Complete this section only if your super fund or retirement savings account (RSA) provider has given you an acknowledgment of your valid notice which advised them of the amount you intend to claim as a deduction.
Things to know
Personal super contributions are amounts you have paid to an eligible complying super fund or RSA to provide superannuation benefits for either:
- yourself
- your dependants in the event of your death.
You may be able to claim a deduction for these contributions in 2021–22 if all the following apply:
- the eligible contributions were made from after-tax income to a complying super fund or RSA
- you meet the age restrictions
- your valid notice of intent has been sent and acknowledged by your fund.
Before claiming a deduction, you should consider broader tax outcomes that may apply if you have:
- withdrawn your super under the COVID-19 Early release of super program, and
- recontributed that amount back into your super fund to claim a personal super contribution deduction.

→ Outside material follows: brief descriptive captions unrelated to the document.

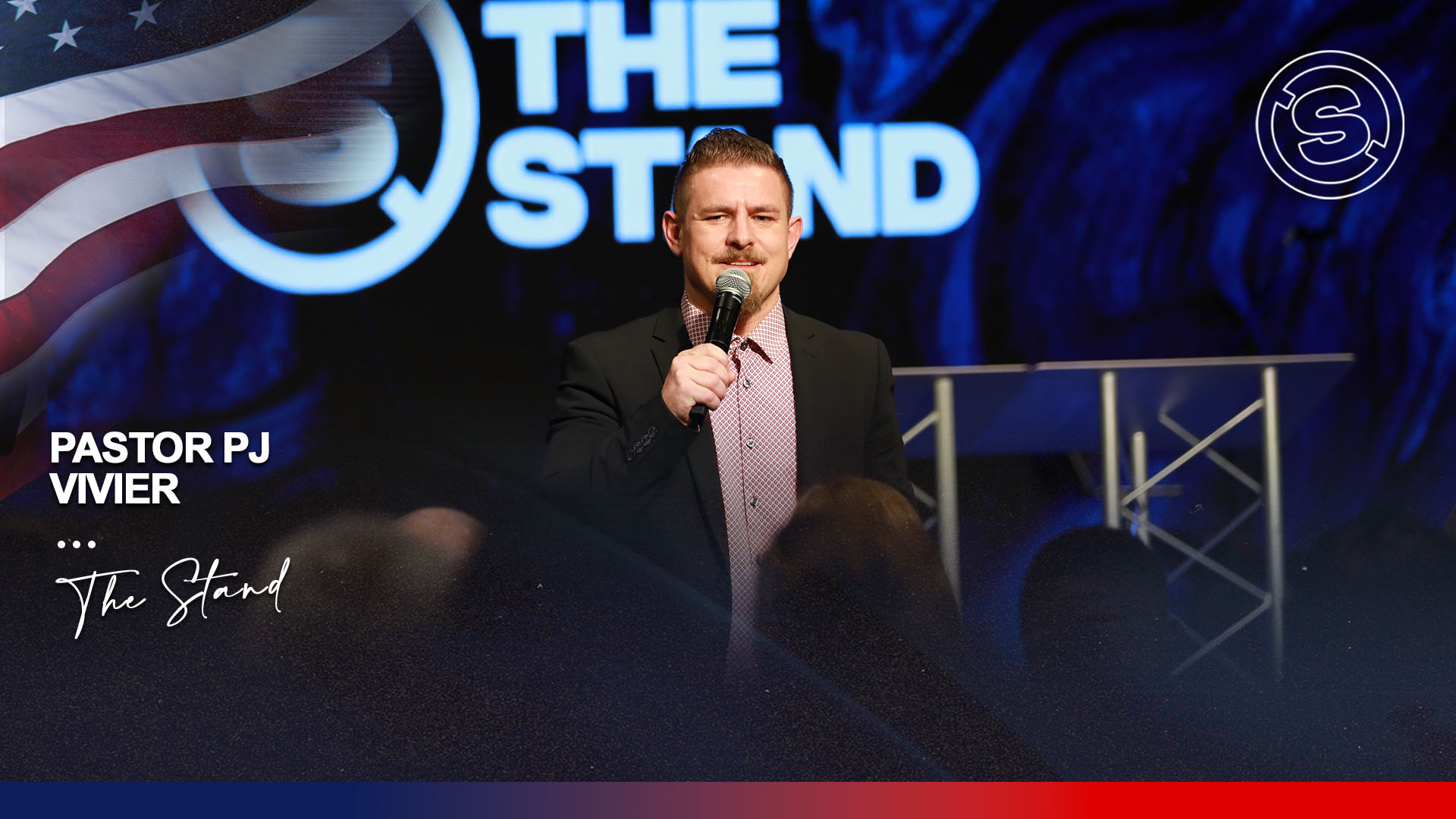 Night 1334 of The Stand | The River Church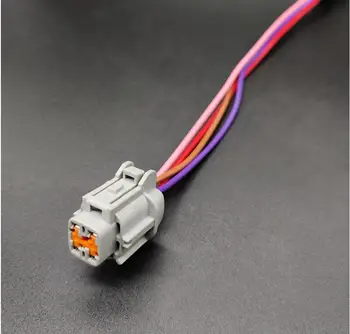4-пинов конектор сензор за свързване на фаровете и задните светлини Теглене кабели за Nissan Infiniti 6185-1171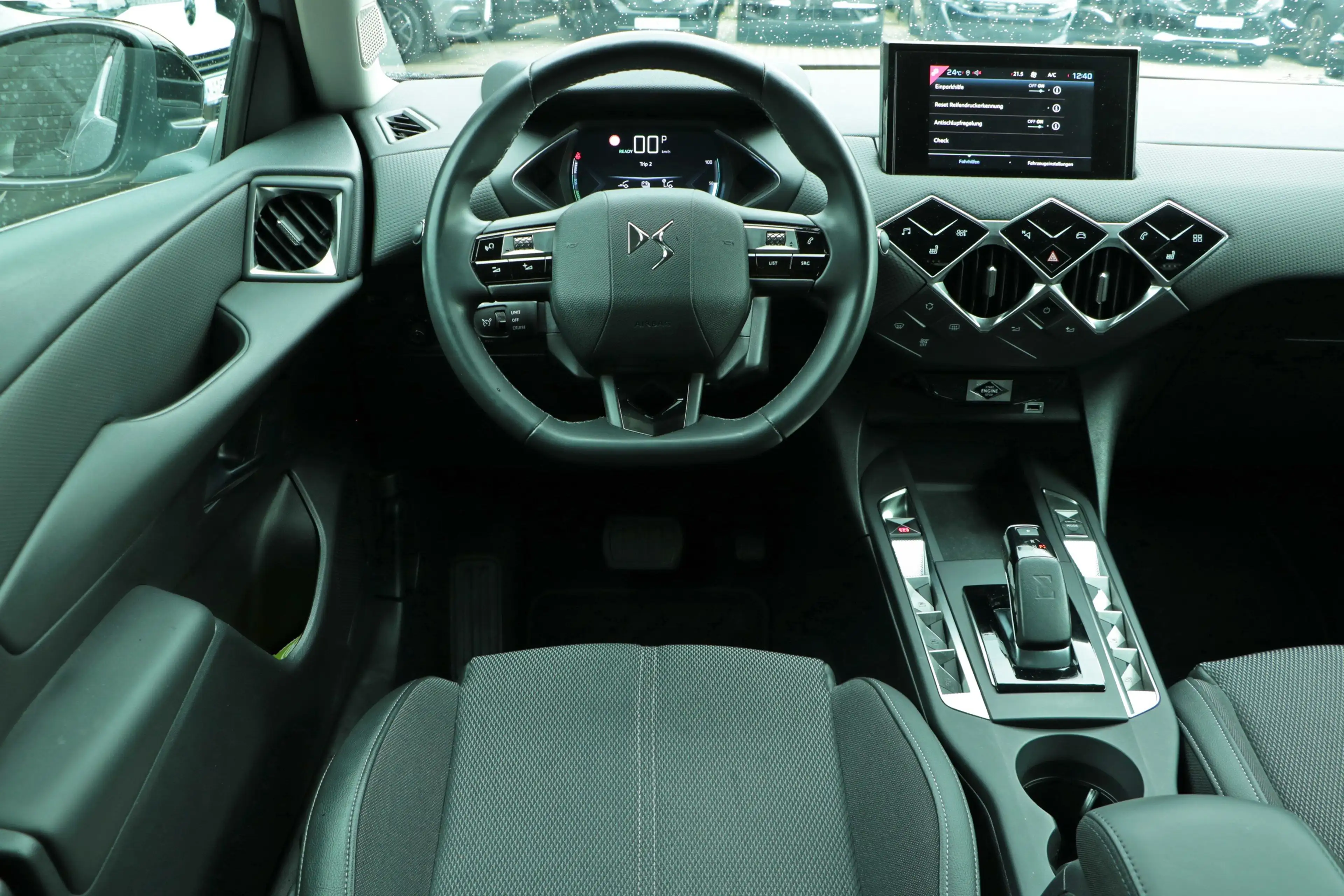 DS Automobiles DS 3 Crossback DS3 Crossback E-Tense Performance Line Navi/ Sitzh — photo 11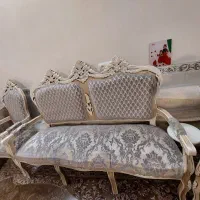 مبل ۹نفر|مبلمان خانگی و میز عسلی|تهران, شهرک نظامی|دیوار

Any tax benefit obtained in relation to such a deduction could be cancelled if you enter into a scheme mainly for the purpose of obtaining a tax benefit.

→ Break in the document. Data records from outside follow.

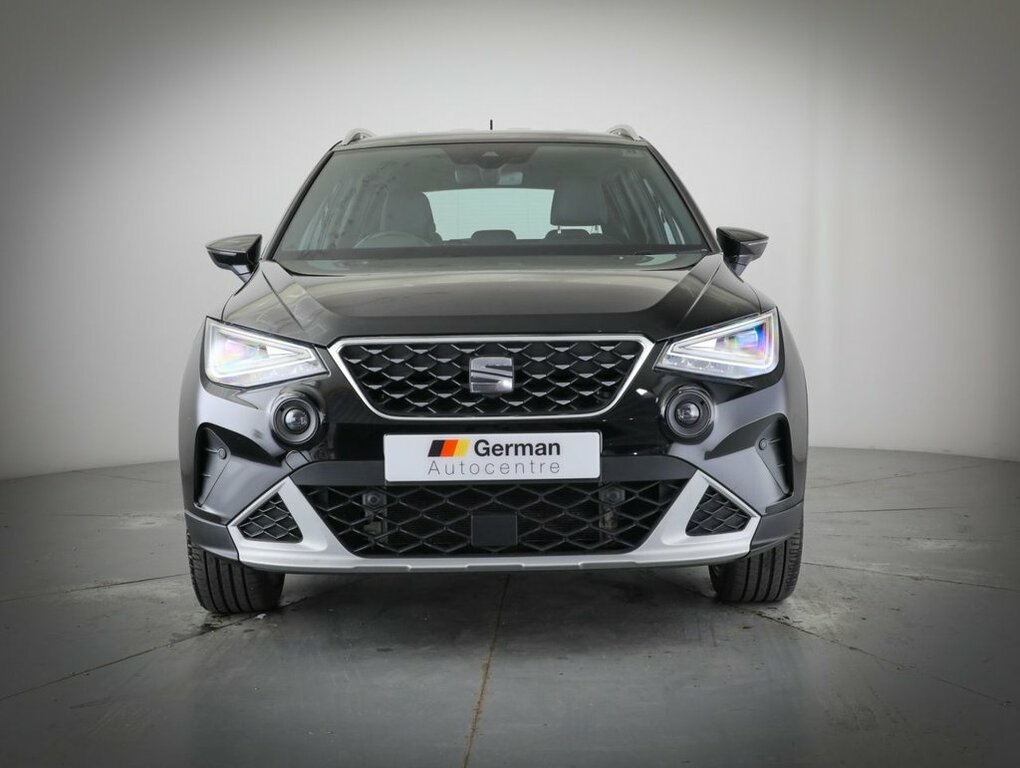 Seat Arona 1L Xperience Lux Black #4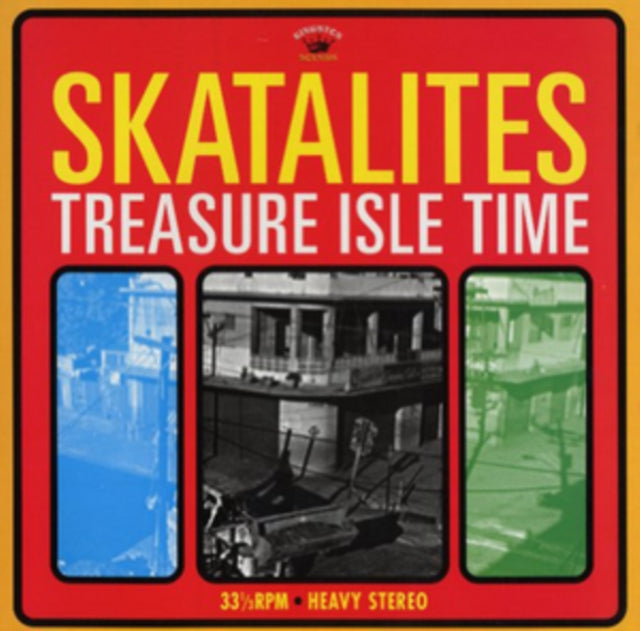 Treasure Isle Time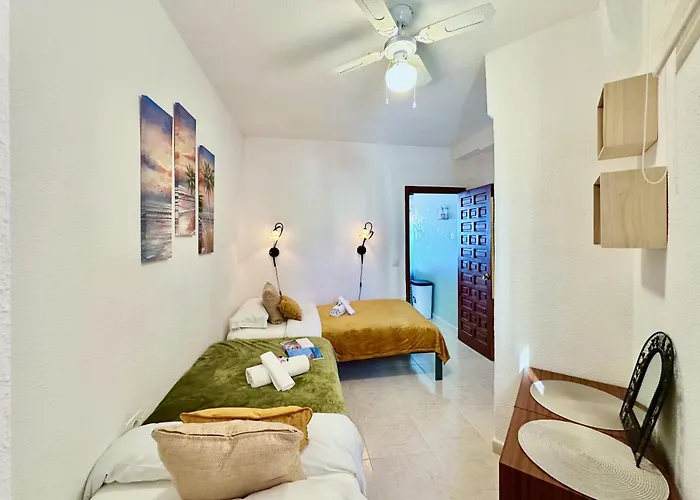 Clubrent - Edf Horizonte, Floor 2, Sea View Calpe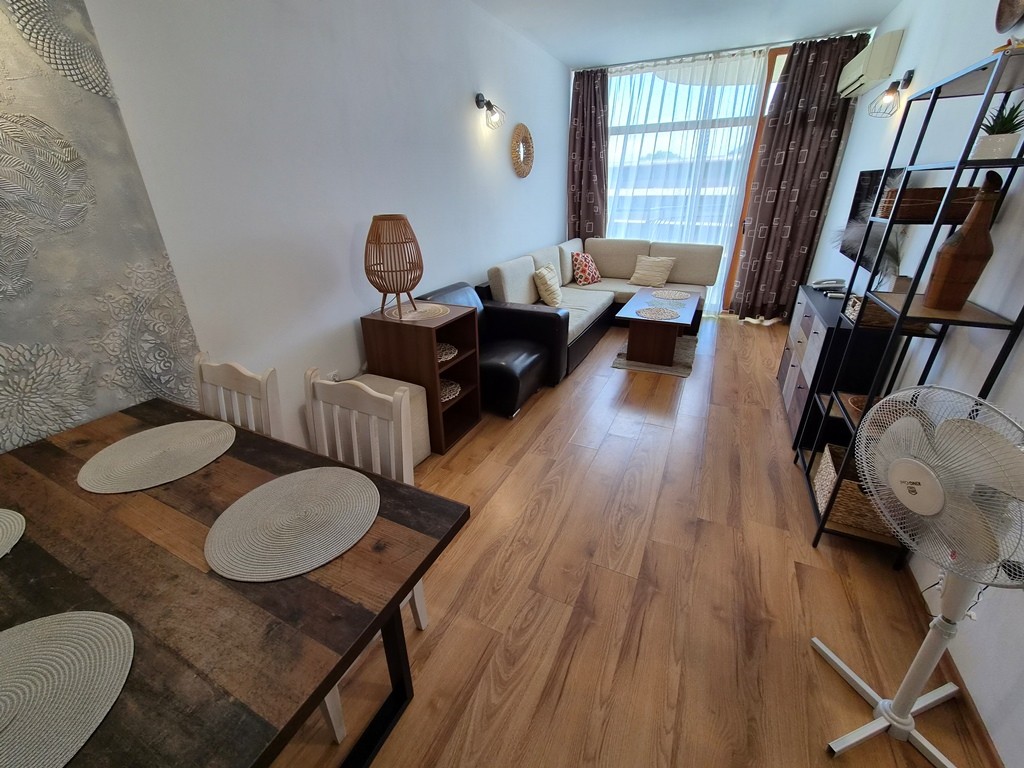 Sunny Beach Bulgaria 1-Bedroom Apartment Grenada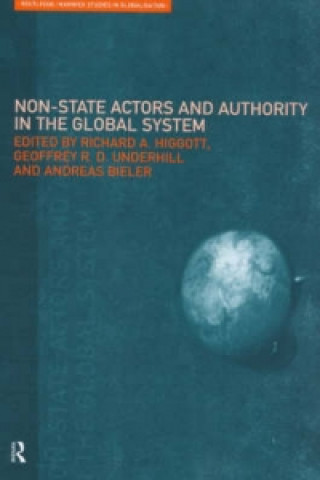 Kniha Non-State Actors and Authority in the Global System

Claiming a deduction may have an impact on several areas including:
- income tests for eligibility for certain tax offsets and government benefits
- super contribution caps.
Claiming deductions for personal super contributions has more information, including:
- the effects of claiming a deduction
- what you can't claim.
Related page
Super contributions – too much can mean extra tax
There are limits to the amount you can contribute to your super each year. If you exceed these 'contribution caps', you may have to pay extra tax.
Eligible contributions
You may be able to claim a deduction for personal super contributions that you made to your eligible super fund or RSA provider from your after-tax income, for example, from your bank account directly to your super fund.
To be eligible to claim a deduction:
- the contributions must have been received by your super fund or RSA provider before 1 July 2022
- the super fund or RSA provider still holds the contributions you've included on your notice of intent
- this requirement may not be met if, for example, you withdrew those contributions under the COVID-19 – Early release of superannuation scheme before giving the notice.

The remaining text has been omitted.